* What you will do *
Everything below from the line with "Kiton Printed Silk Shirt - Green" through the line with "Pantallas LED publicitarias" must be retyped exactly, except the pictures.

* Supplied material *
+ + +

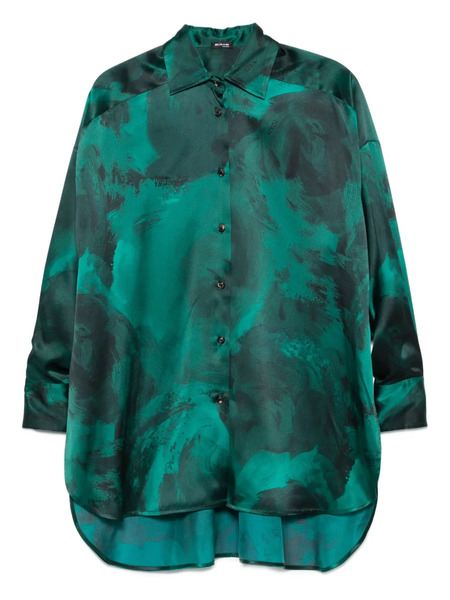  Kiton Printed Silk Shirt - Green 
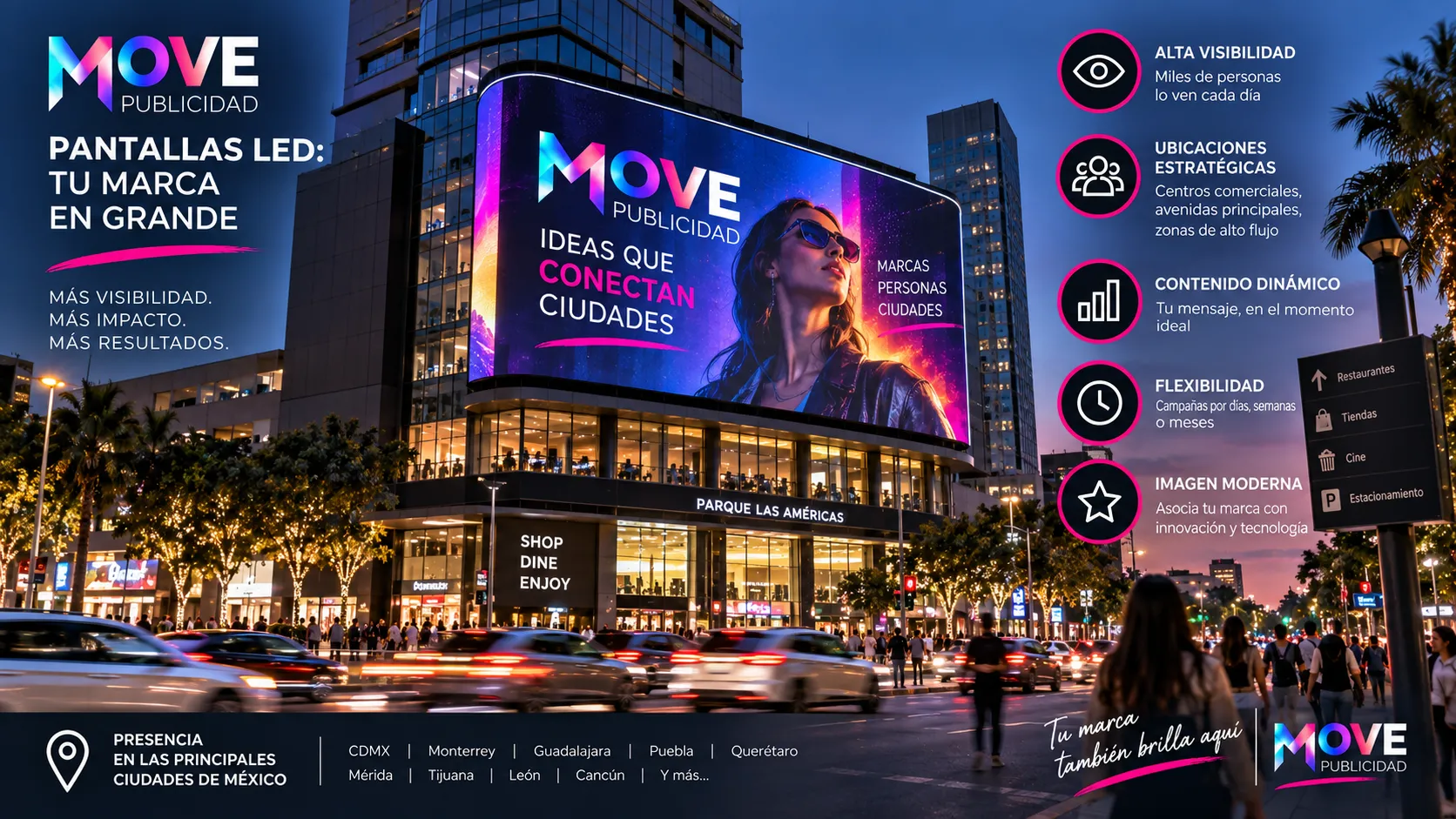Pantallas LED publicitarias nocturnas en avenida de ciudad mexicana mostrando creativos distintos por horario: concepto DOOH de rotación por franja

+ + +

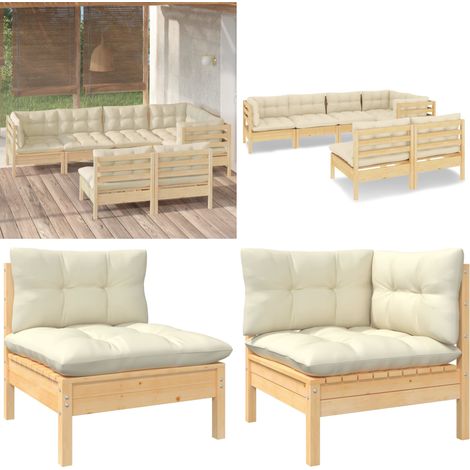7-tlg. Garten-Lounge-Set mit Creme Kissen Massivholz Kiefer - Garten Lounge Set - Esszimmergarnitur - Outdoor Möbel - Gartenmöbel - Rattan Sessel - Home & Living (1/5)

+ + +

* Exercise output *
  Kiton Printed Silk Shirt - Green 
Pantallas LED publicitarias nocturnas en avenida de ciudad mexicana mostrando creativos distintos por horario: concepto DOOH de rotación por franja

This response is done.